Below is an example of a Jupyter webpage (or notebook) that includes a comments section with images and then a subsequent code section. This Jupyter notebook talks about Python tensors and Pytorch, the essentials for artificial intelligence.

Sample Jupyter page

 

Neural Networks

Neural networks have been around for a while. The basically emulate the way our brains work. The networks are built from individual parts approximating neurons which are interconnected and are the basis for how the brain learns.

“Digital” neurons are no different. They are interconnected in such a way that over time they learn and are able to apply the learned knowledge to enable useful applications such as natural language (like Alexa) and image identification (like Google Lens). It really is amazing how well it works, and the progress over the past five years alone has been remarkable. I’ll talk more about that later.

So how does it work exactly? Let’s take the example of identifying text in an image; specifically, digits 0 to 9. Just 5 years ago, this was a very complicated problem. Today, it’s a trivial one. The image below displays greyscale handwritten digits where each image is 28×28 pixels.  

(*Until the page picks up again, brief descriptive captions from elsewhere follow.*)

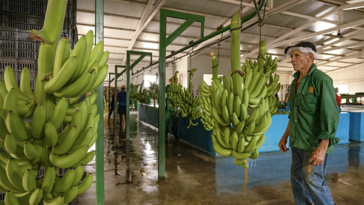 Más de 2.500 hectáreas de banano paralizadas por amenazas en La Guajira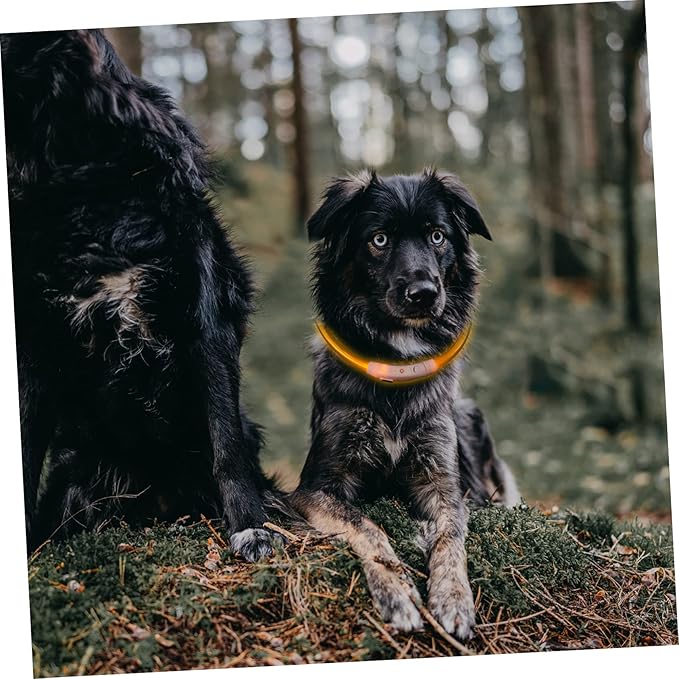 Yardwe Led Dog Collar Flashing for Night Safety USB Rechargeable Pet Collar Clip Reflective Harness for Dogs Puppies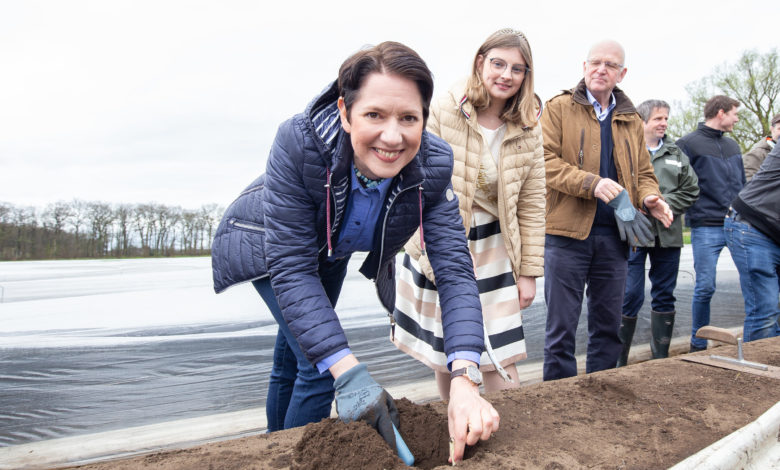 Landwirtschaftsministerin Silke Gorißen eröffnet nordrhein-westfälische Spargelsaison 2023 in Wesel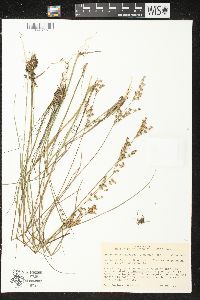 Juncus brevicaudatus image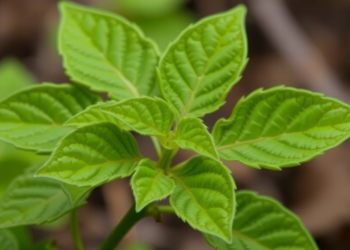 Rare Italian Forest Herb Defies Expectations With Surprising Genetic Resilience and Adaptive Leaf Traits
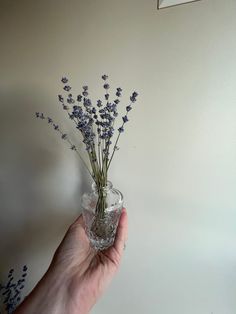 a hand holding a glass vase with lavender flowers in it, against a white wall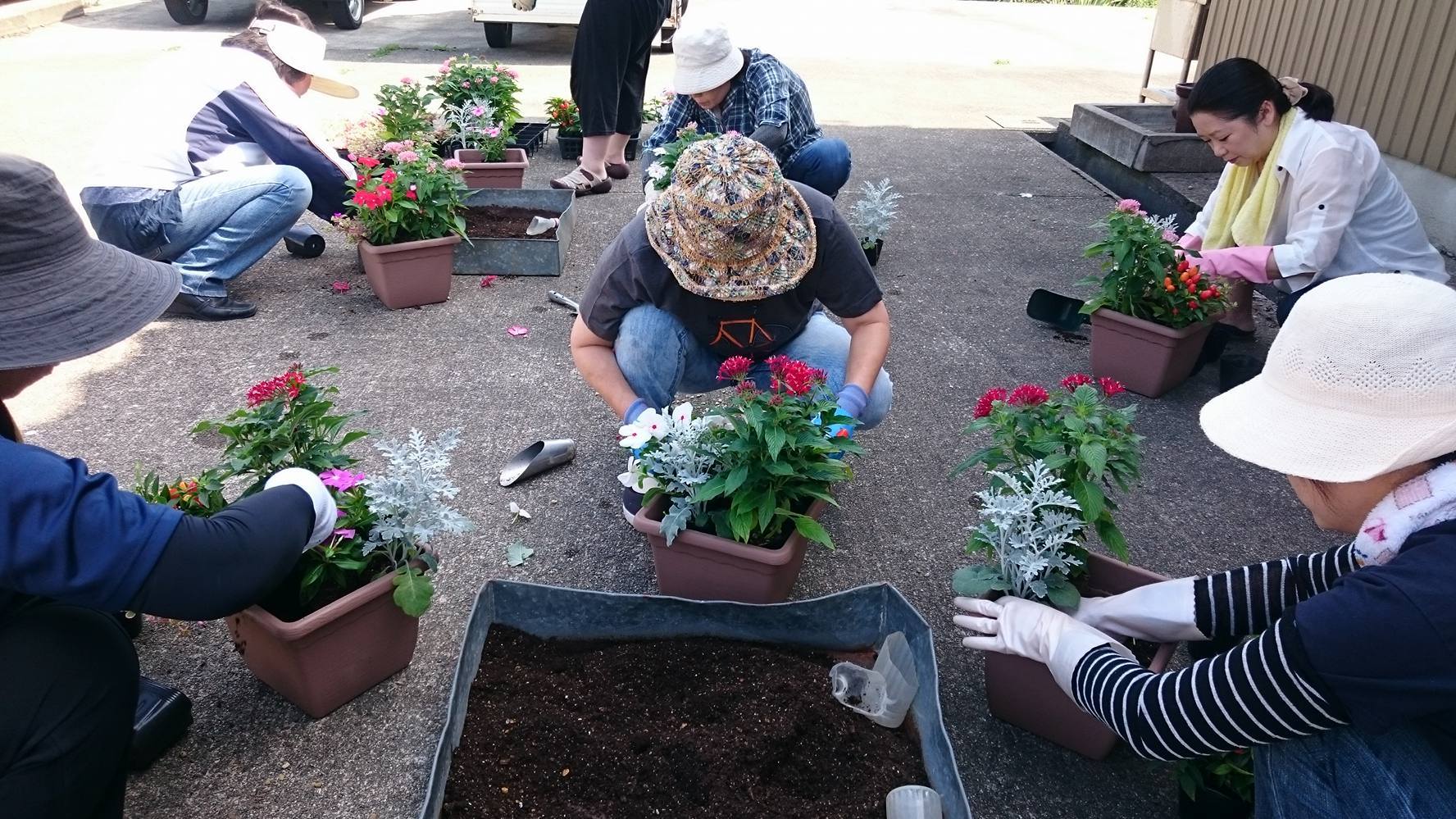 久しぶりの寄せ植え教室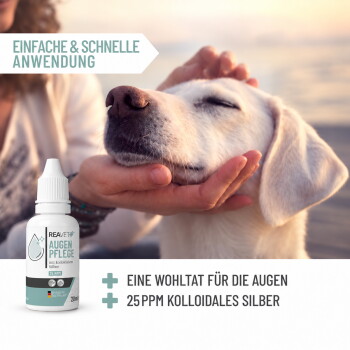 Eine Person streichelt einen weißen Hund mit geschlossenen Augen neben einer Flasche "Reavet Augenpflege" Augenpflege-Lösung für gereizte Augen.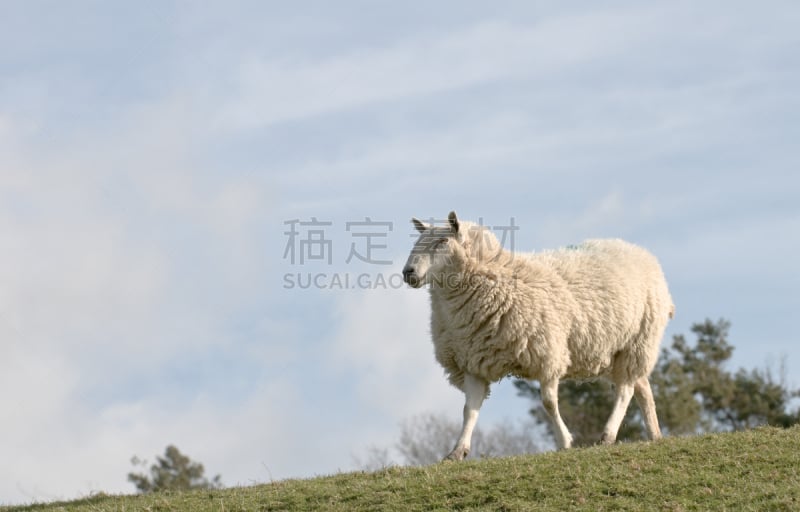 易被击中的目标,咩咩叫,羊群,天空,机敏,水平画幅,英格兰,夏天,偏远的,户外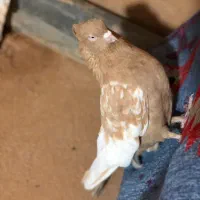 فروش کبوتر|پرنده|مرودشت, بیست متری بیمارستان|دیوار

Greyscale handwritten digits

Greyscale handwritten digits

The first step is to train the software or the “network” in AI lingo. This means feeding it 100s if not 1000s of sample 28×28 pixel images of digits and tagging those images with the actual numbers so the software learns what number the image represents exactly. Luckily, Pytorch includes lots of tagged training data called MNIST. This data can be used to train the network so when you present your own image of a digit, it will correctly interpret what it is.

Single digit

Single digit

The above image is an example of a greyscale “8” that is 28 x 28 pixels. This is the type of image that would be fed into the network to train it that this type of image is an “8”.

Neural Networks

Neural Networks

The above images shows a simple neural network. The far left-hand side displays the inputs (x1 and x2). In our example, the inputs would be the color of each of the 28 x 28 pixels. The values (w1 and w2) are called “weights” These weights are multiplied by each of the corresponding inputs (i.e. – dot product of two vectors) and then inputted into a function that creates an output value (0 to 9) that is compared to the actual value assigned to the image. For example, in the digit training image above (the number “8”), the tag assigned to this image is 8. Therefore, the calculated output is compared to the tagged value. If it matches, then we’ve trained it well for that particular test image and the weights will be reused. If not, then we need to go back and adjust the weights to create a new output value. This back and forth can occur 1000s of times until the correct formula is found.